CBA growing more confident of an early interest rate cut
Commonwealth Bank is the only major expecting an RBA cut by December. Now it’s more confident than ever in that view.
Official inflation data later this month may have the final say on whether the Reserve Bank will be in a position to lower interest rates by year end — but CBA has become more confident that disinflation is happening faster than the RBA expected when its hawkish rhetoric peaked in August.
The possibility of interest rate cuts by year end was a popular view among economists and traders earlier this year as US disinflation resumed and other central banks started easing monetary policy.
But even with the US Federal Reserve delivering an outsized 50 basis point cut last month and rate cuts continuing in most other Western economies including New Zealand, few now expect the Reserve Bank to cut rates until February after its hawkish rhetoric in recent months.

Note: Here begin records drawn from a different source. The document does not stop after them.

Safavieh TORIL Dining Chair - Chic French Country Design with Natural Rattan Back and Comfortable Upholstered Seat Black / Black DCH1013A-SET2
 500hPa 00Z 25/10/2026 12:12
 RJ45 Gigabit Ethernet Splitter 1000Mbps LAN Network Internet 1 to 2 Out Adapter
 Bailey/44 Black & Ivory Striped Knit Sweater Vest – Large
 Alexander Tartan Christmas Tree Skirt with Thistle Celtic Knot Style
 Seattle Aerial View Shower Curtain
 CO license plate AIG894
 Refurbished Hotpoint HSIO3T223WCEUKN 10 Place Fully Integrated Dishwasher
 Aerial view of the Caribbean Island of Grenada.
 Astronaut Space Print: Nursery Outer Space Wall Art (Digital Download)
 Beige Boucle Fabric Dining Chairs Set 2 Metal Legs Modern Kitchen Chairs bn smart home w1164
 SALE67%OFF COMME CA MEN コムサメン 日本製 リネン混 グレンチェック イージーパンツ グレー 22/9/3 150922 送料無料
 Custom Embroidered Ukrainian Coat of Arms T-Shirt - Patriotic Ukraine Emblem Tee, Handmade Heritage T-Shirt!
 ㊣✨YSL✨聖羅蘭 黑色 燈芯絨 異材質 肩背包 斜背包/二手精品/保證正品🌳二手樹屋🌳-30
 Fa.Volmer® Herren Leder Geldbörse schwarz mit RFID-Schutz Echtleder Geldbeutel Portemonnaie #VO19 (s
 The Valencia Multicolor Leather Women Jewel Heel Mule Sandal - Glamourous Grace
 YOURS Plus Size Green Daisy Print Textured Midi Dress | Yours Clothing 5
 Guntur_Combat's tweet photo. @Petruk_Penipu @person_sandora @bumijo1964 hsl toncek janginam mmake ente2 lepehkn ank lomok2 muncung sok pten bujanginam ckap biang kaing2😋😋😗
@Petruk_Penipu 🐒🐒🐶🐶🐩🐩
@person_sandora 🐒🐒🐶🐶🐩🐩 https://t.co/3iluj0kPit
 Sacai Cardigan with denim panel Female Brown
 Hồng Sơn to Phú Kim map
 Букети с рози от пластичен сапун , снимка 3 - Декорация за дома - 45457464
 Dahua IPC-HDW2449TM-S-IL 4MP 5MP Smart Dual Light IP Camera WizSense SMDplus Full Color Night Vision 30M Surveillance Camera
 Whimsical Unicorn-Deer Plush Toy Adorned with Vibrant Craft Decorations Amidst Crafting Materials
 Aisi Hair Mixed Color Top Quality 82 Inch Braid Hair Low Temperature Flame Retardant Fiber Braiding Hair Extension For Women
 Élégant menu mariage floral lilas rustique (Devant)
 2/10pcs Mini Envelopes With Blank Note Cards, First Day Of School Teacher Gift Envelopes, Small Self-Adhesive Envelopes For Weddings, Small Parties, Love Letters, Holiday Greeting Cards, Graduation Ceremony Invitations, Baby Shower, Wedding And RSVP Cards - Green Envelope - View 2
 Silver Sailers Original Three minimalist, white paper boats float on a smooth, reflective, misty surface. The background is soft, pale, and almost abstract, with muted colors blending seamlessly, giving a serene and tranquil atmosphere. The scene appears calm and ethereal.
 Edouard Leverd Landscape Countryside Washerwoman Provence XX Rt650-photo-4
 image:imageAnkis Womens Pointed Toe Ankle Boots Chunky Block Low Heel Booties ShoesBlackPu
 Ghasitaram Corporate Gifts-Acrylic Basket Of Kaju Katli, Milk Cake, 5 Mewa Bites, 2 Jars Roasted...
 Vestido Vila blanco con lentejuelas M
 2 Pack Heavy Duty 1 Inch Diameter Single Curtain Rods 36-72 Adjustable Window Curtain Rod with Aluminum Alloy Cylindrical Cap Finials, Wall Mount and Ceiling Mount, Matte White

CBA is the only major bank still expecting the RBA to cut interest rates by year end.
Market pricing has shifted out significantly in recent months.
A rate cut by December is now seen as only a 40 per cent chance, partly due to the RBA’s guidance but also due to stronger than expected US employment data.
Until recently the market was confidently pricing in a rate cut by December.
Based on the RBA’s guidance economists have been flagging February as the most likely start date.
But as of Monday a full 25 bps cut wasn’t fully expected until April.
The market has priced in 50 bps of cuts by July 2025 and 75 bps by the end of 2025.
However after the RBA stopped considering a rate hike last month Australian consumer sentiment soared this month to the highest point in over two years according to Westpac.
RBA board meeting minutes for September repeated that “monetary policy would need to be sufficiently restrictive until members were confident that inflation was moving sustainably towards the target range”. But in a dovish twist, the RBA board deleted a line used in August that “it was unlikely that the cash rate target would be reduced in the short term.”
CBA head of Australian economics, Gareth Aird, points to surveys showing the “desired disinflationary process has gathered momentum”, but awaits the official CPI inflation data for the June quarter to confirm his assessment. The data are due for release on October 30.
He notes a sharp fall in the Melbourne Institute Inflation Gauge, NAB’s final prices gauge in its Monthly Business Survey, and output prices in the S&P/Judo Bank Purchasing Managers’s Index, as well as a sharp drop in advertised rental growth rates that was noted in the RBA minutes.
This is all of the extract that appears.